Da kann ich ganz selbstbewusst sagen: Ich glaube, dass das 90er-Jahre-Revival auch von mir profitiert (lacht). Wenn man als Veranstaltender so ein Festival macht, kommt es immer ganz gut an, wenn man mich dafür bucht, denn ich gebe immer 100 Prozent. Ich spiele bis zu 200 Konzerte im Jahr. Es ist doch Wahnsinn, dass auch nach fast 30 Jahren immer wieder neue, junge Fans vor der Bühne stehen. Heute dann oft zusammen mit ihren Eltern. Ich bin sehr glücklich, dass ich immer noch so arbeiten darf und dass es sich so anfühlt, als sei noch lange kein Ende in Sicht.

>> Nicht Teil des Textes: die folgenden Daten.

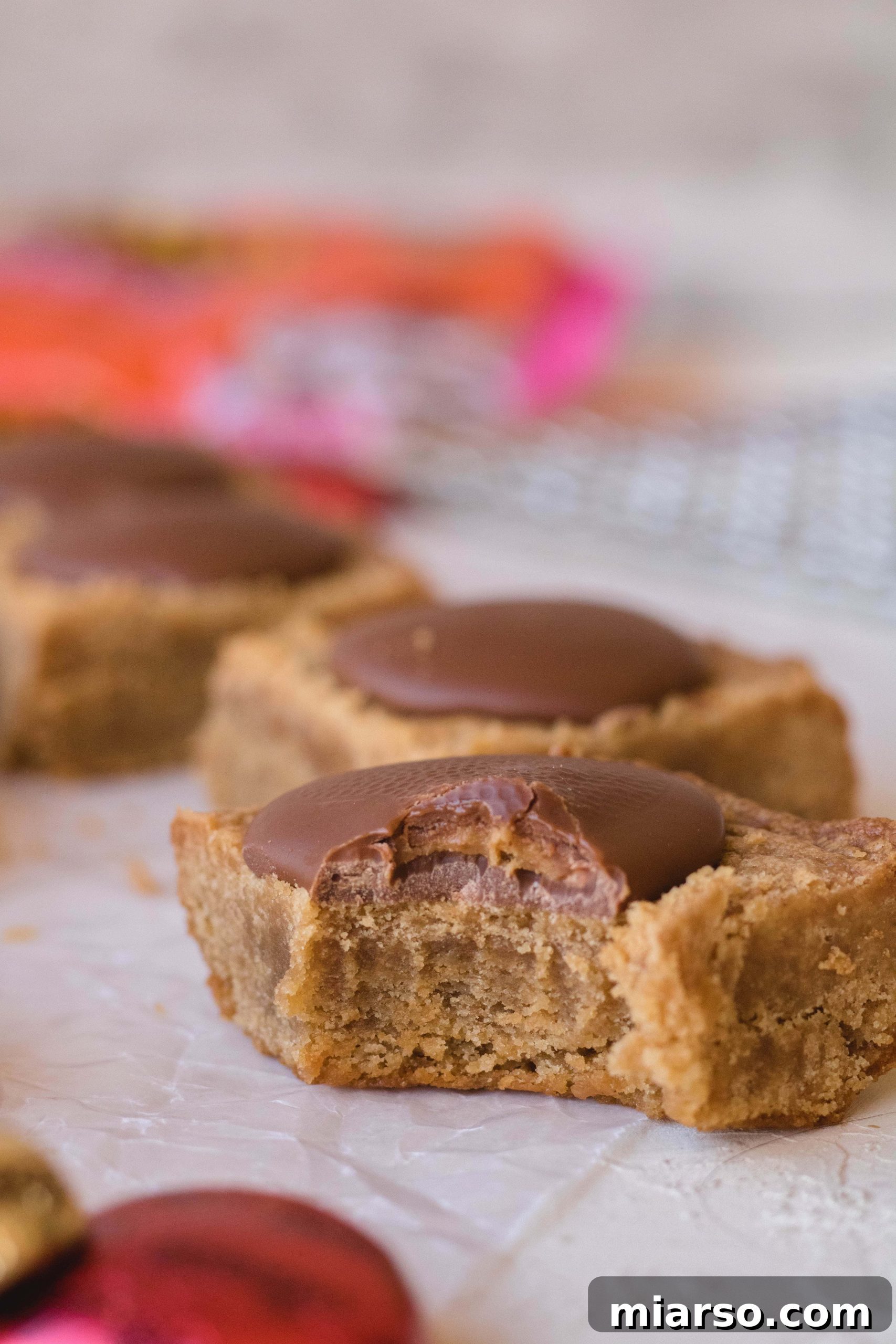 Freshly baked peanut butter blondies with Reese's candies pressed on top.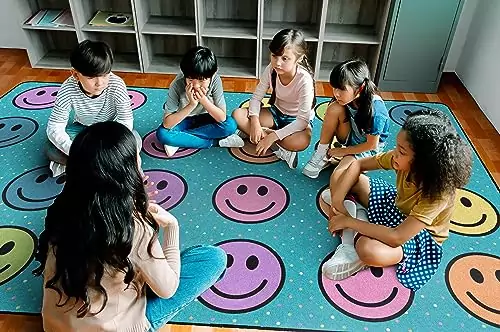 Colorful Flagship Carpets Smiley Seating Rug for Kids, perfect for creating an engaging and educational classroom environment.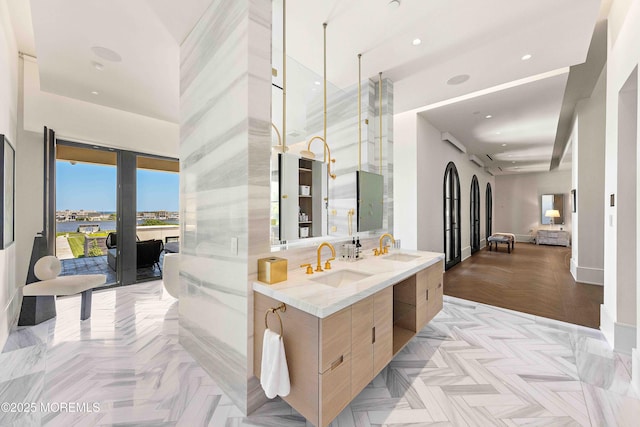27 N Ward Ave, Rumson, NJ 07760 - bathroom with double vanity, recessed lighting, and baseboards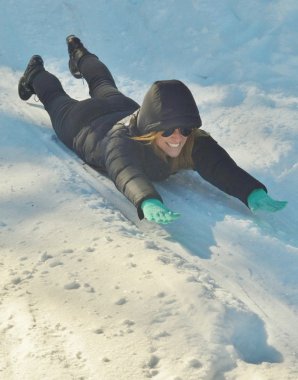 Genç kadın bir karlı tepeden aşağı kayar.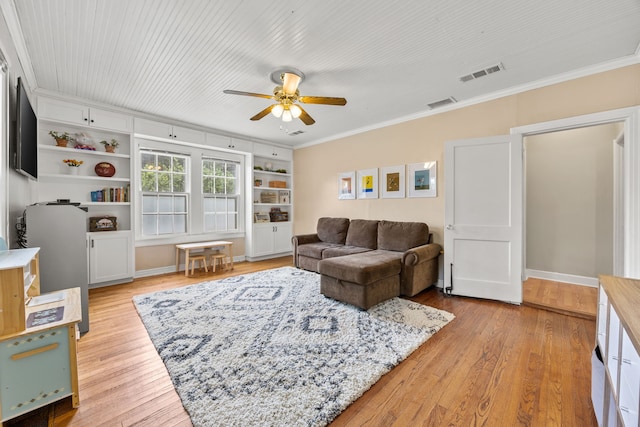 living room featuring ceiling fan, visible vents, ornamental molding, and light wood-type flooring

Reminiszenzen gibt es auf dem Album auch an Echt und Michael Holm. Ist es wichtig, sie zu erkennen, damit man beim Hören richtig mitfühlen kann?
Gerade bei „Echt“ ist es ja wirklich sehr versteckt und sonst ein komplett neuer Song. Die, die es kennen, freuen sich darüber, für die anderen ist es einfach eine schöne Melodie. Und „Tränen lügen nicht“ ist im Original übrigens auch nicht von Michael Holm, das ist eine italienische Melodie aus den 1960er-Jahren. Michael Holm feiert in diesem Jahr seinen 80. Geburtstag, deshalb kam meine Frau auf die Idee. Als ganz dicker Geburtstagsschmatzer. Das Schlimmste, was einem als Künstler passieren kann, ist übrigens, nach ihm auf die Bühne zu müssen. Der zerlegt alles, der geht ab, der hat ein Funkeln in den Augen wie ein 20-Jähriger. Das finde ich viel inspirierender, als wenn jemand sagt: Ich hoffe, ich bin mit 50 durch und kann dann Golf spielen. Das wird bei mir hoffentlich auch so.